Requirement. In the material below, find the line containing "Hopefully you understand" and the line containing "Click the red". Output those two lines and all lines between them exactly, without pictures.

--- Material shown Enclosed Below ---

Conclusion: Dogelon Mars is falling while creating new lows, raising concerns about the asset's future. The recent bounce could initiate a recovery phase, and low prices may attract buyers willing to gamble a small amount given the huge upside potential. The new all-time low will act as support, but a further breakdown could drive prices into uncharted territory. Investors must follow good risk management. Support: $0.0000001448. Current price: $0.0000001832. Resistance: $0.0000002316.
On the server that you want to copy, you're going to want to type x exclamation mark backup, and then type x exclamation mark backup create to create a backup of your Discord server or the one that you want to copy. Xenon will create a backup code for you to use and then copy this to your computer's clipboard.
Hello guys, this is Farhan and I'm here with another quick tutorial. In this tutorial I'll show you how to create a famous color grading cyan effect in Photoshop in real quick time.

--- End of Enclosed Material shown ---
--- Material shown Enclosed Below ---

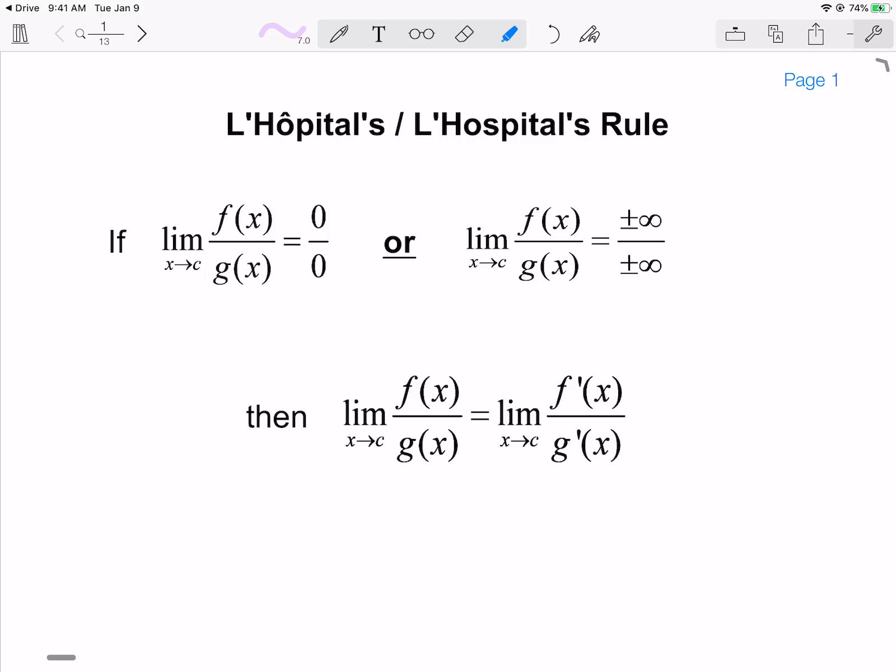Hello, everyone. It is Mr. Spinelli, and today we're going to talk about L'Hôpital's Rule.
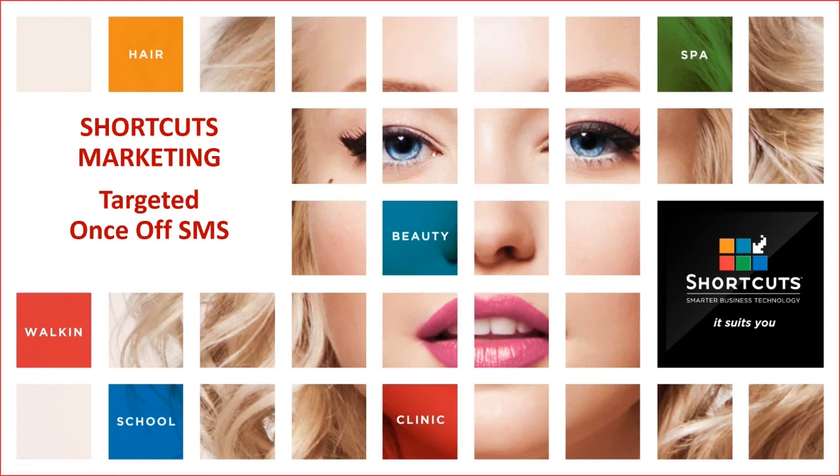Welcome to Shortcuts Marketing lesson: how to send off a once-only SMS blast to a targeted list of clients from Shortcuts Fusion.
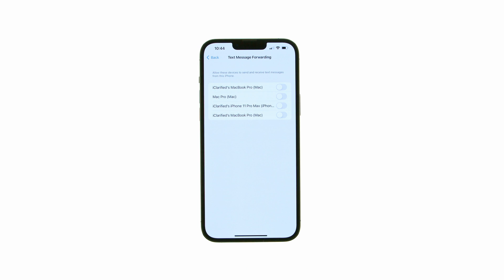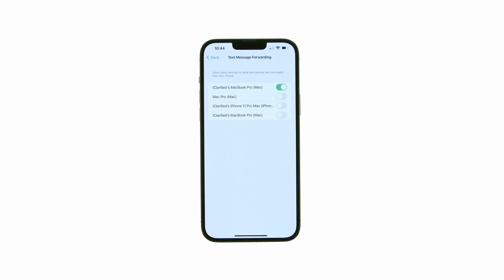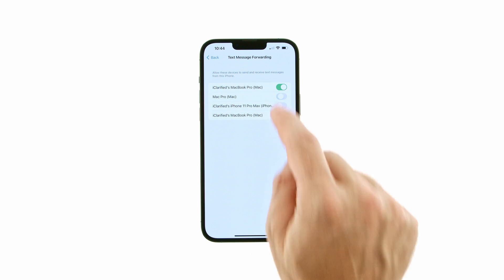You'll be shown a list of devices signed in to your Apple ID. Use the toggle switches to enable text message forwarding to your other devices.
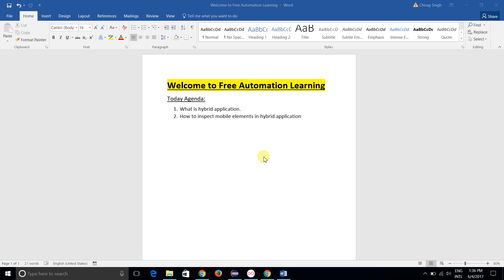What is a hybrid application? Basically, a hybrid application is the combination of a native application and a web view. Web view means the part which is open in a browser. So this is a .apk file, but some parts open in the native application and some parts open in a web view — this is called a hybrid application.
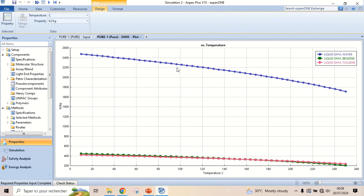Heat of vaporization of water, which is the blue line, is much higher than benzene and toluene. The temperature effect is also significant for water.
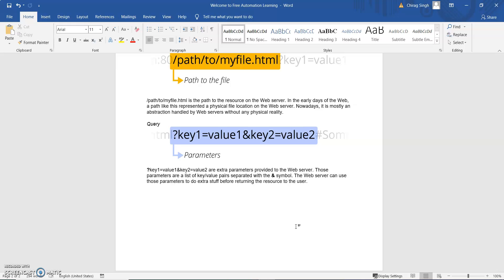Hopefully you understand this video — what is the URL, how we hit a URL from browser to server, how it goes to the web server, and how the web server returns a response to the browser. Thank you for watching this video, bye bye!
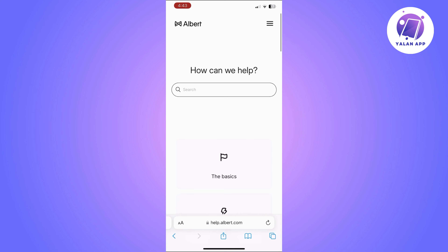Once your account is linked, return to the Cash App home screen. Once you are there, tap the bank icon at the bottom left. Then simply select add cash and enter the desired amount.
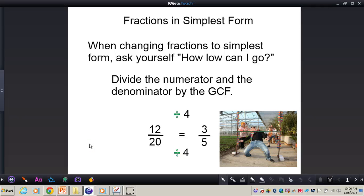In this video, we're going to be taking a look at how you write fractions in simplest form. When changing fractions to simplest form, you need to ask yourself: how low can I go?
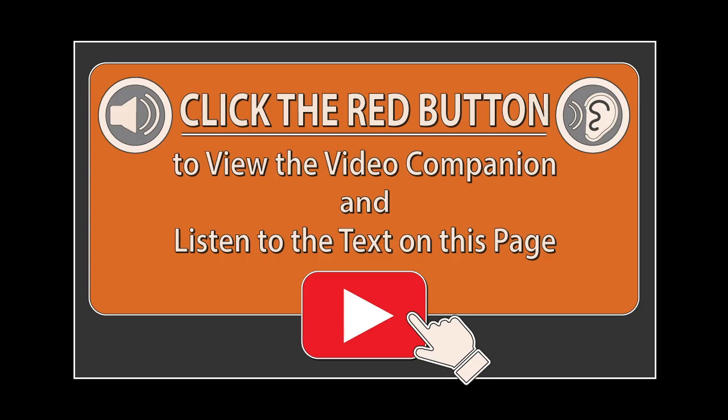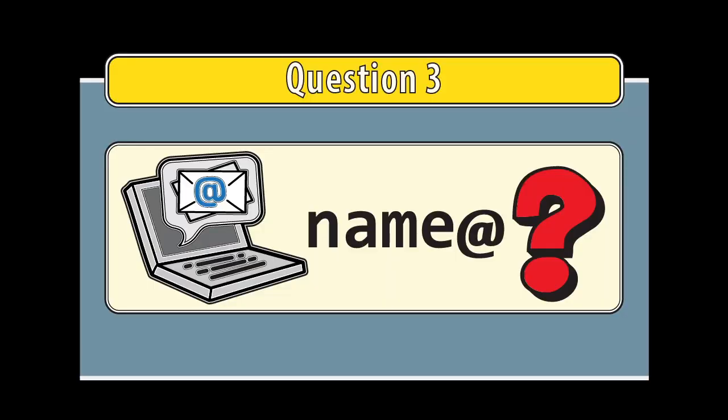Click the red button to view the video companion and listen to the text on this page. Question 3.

--- End of Enclosed Material shown ---

Exercise result.
Hopefully you understand this video — what is the URL, how we hit a URL from browser to server, how it goes to the web server, and how the web server returns a response to the browser. Thank you for watching this video, bye bye!
Once your account is linked, return to the Cash App home screen. Once you are there, tap the bank icon at the bottom left. Then simply select add cash and enter the desired amount.
In this video, we're going to be taking a look at how you write fractions in simplest form. When changing fractions to simplest form, you need to ask yourself: how low can I go?
Click the red button to view the video companion and listen to the text on this page. Question 3.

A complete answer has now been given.